Worm Breeder's Gazette 15(4): 19 (October 1, 1998)

These abstracts should not be cited in bibliographies. Material contained herein should be treated as personal communication and should be cited as such only with the consent of the author.

Phenotypical and biochemical analysis of C. elegans carrying the human Huntington disease gene.

J.C. Dorsman1, M.A. Smoor1, H.G.A.M. van Luenen2, M. Bout1, J.T. den Dunnen1, R.H.A. Plasterk2, G.J.B. van Ommen1

1 Department of Human Genetics, Sylvius Laboratory, Leiden University Medical Center, Leiden, The Netherlands
2 The Netherlands Cancer Institute, Division of Molecular Biology, Amsterdam.
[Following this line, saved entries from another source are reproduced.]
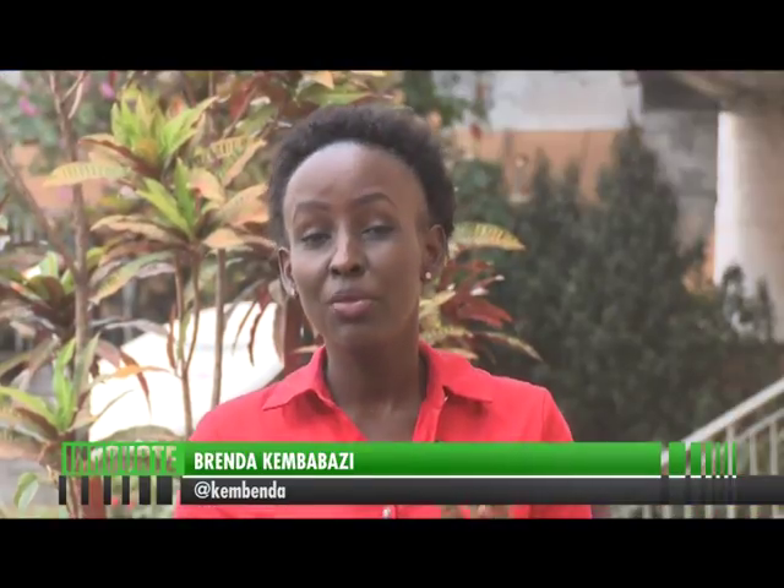A very warm welcome and a good evening to yet another exciting and informative episode of our technology show, Innovate. Here we bring you all there is from the world of technology, as well as bringing you the young minds that better the technology we use every single day, with yours truly, Brenda Kembabazi.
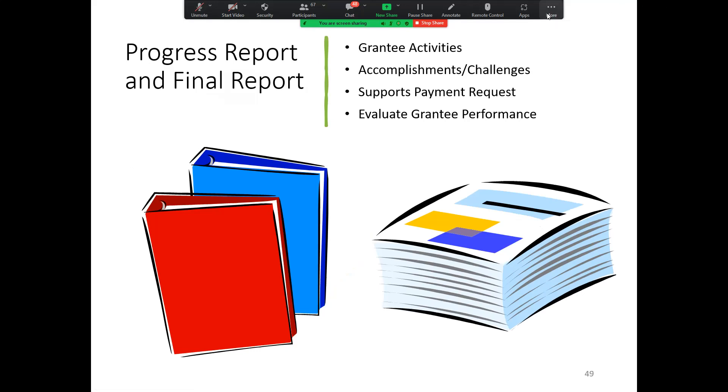We will still be using the Excel reports that were created last cycle — there aren't any new changes to those reports. Your activities, accomplishments, and challenges will continue to be on the progress report and final report, which are within the same workbook.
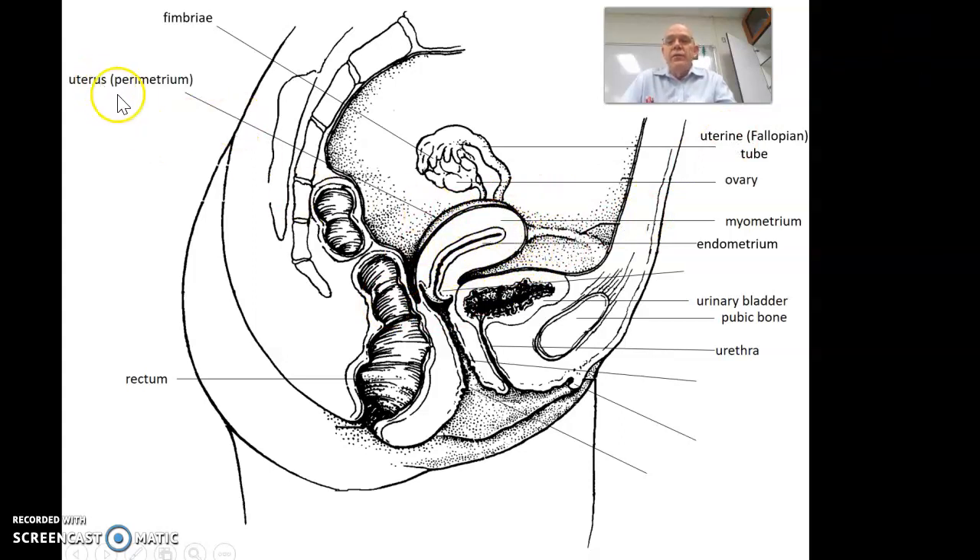On the outside of the uterus we have the parametrium. Para means perimeter — it means on the outside — so this is the outside layer. It would also be called the visceral peritoneum, because it's on the outside of the organ and it's in the abdominal pelvic cavity.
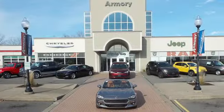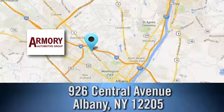For service, selection, and value, choose Armory Garage. Stop in today and check us out. We are conveniently located at 926 Central Avenue in Albany, New York.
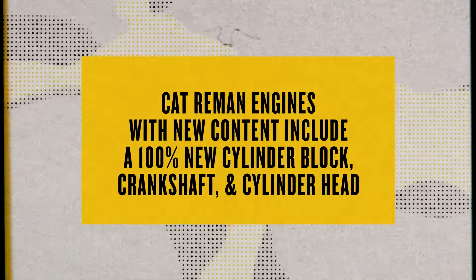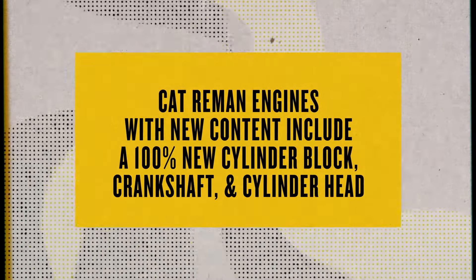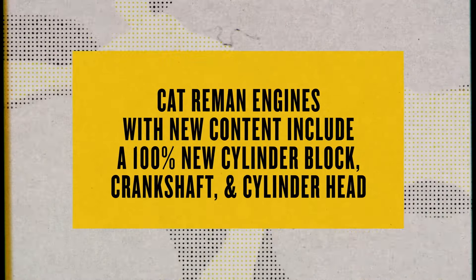The difference is that they come with 100% new cylinder block, crankshaft, and cylinder head — basically restarting the life cycle of the engine with future overhauls built in. That helps eliminate any risk associated with attempting to overhaul your engine and not being able to reuse your block.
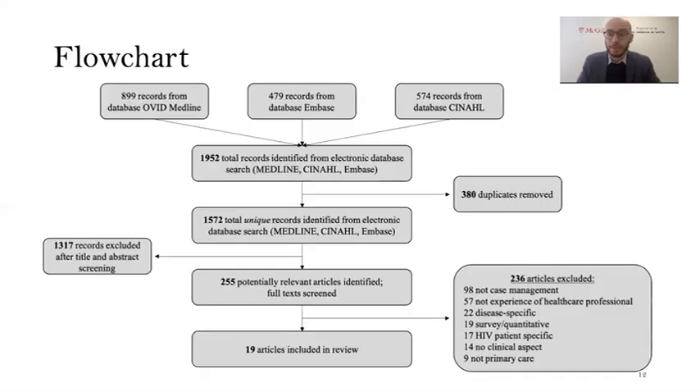Here are the results. This flowchart shows you where studies came from and how many did. After removing duplicates, 1,572 unique records remained from the three databases. We removed over 1,300 of those records just by looking at title and abstract. We then read 255 full texts that remained, excluding 236 of them for reasons shown on screen, leaving us 19 articles in our review. This process, like all processes in systematic reviews, was done in duplicate with a second researcher.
Huntington's disease (HD) is a neurodegenerative CAG (gln) repeat
expansion disorder with a mid-life onset. Animal models may assist in
the understanding of the molecular pathology of HD and other
neurodegenerative diseases caused by similar repeat expansions. In mice
an expanded CAG repeat in exon 1 of the HD gene is sufficient to cause a
progressive neurological phenotype. Thus far no HD homolog has been
identified in C. elegans.

We have generated transgenic nematodes carrying exon 1 or exon 1 to 7 of
the human HD gene, with 17, 73 or 140 CAG repeats. The transgenes are
present either as an extrachromosomal array or integrated into the
genome. Expression of the transgenes is driven by the HSP promoter which
is regulated by heatshock. The 17, 73 and the 140 CAG repeats are stable
upon transmission to offspring in C. elegans whereas they are unstable
in mammals. After heat shock induction HD expression of the transgenes
can be detected. Expression of the 140 HD transgene could only be
detected with a monoclonal antibody which specifically recognises
expanded glutamine repeats and with a polyclonal antibody. The protein
encompassing the expanded glutamine repeat is more stable in time than
the protein containing the normal repeat. An extensive survey of
transgenic worms containing the transgenes revealed that a single heat
shock of either eggs or L1 larvae has no significant effect on
viability. Analysis of the nematodes after recurrent heat shocks under
different environmental conditions is ongoing, including studies in
which specific neurons are stained with fluorescent dyes such as DiO.
Preliminary results indicate that in one line expressing exon 1 with an
expanded repeat dye-filling of the phasmid neurons is affected.
Interestingly, we have also identified an endogenous C. elegans protein
which reacts with the monoclonal antibody against expanded glutamine
repeats. A further characterisation of this protein, which might carry
an expanded glutamine repeat, is underway.